» **What to do**
Please write out the full listing beneath this line exactly, skipping its images.

(Beginning of Dataset extract)

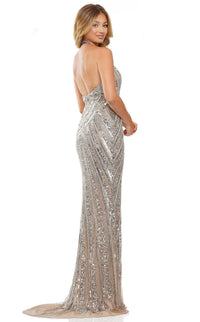 Colors Dress 3148 Dress view 4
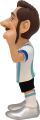Zdjęcie dodatkowe produktu Figurka Lionel Messi 12cm MINIX 11735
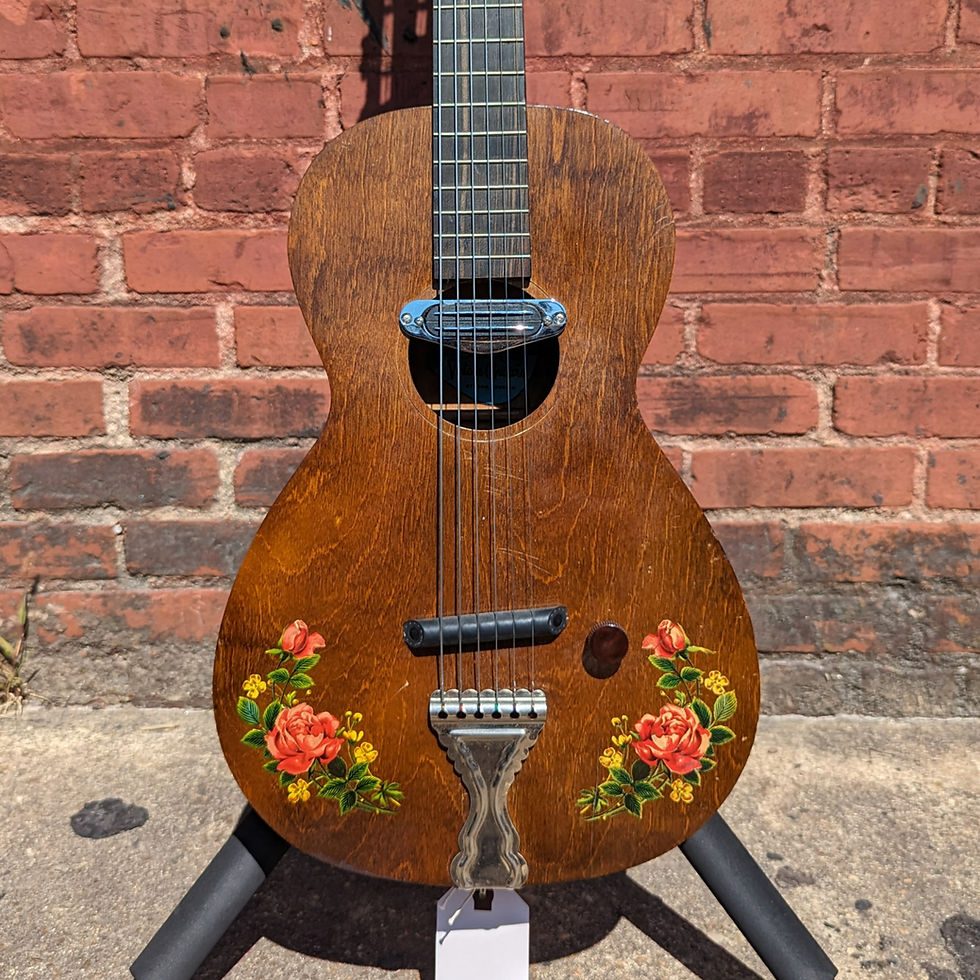 Thumbnail: 1930's Buckeye Brand (Rubber Bridge Conversion)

(End of Dataset extract)

» **Output of the task**
 Colors Dress 3148 Dress view 4
Zdjęcie dodatkowe produktu Figurka Lionel Messi 12cm MINIX 11735
 Thumbnail: 1930's Buckeye Brand (Rubber Bridge Conversion)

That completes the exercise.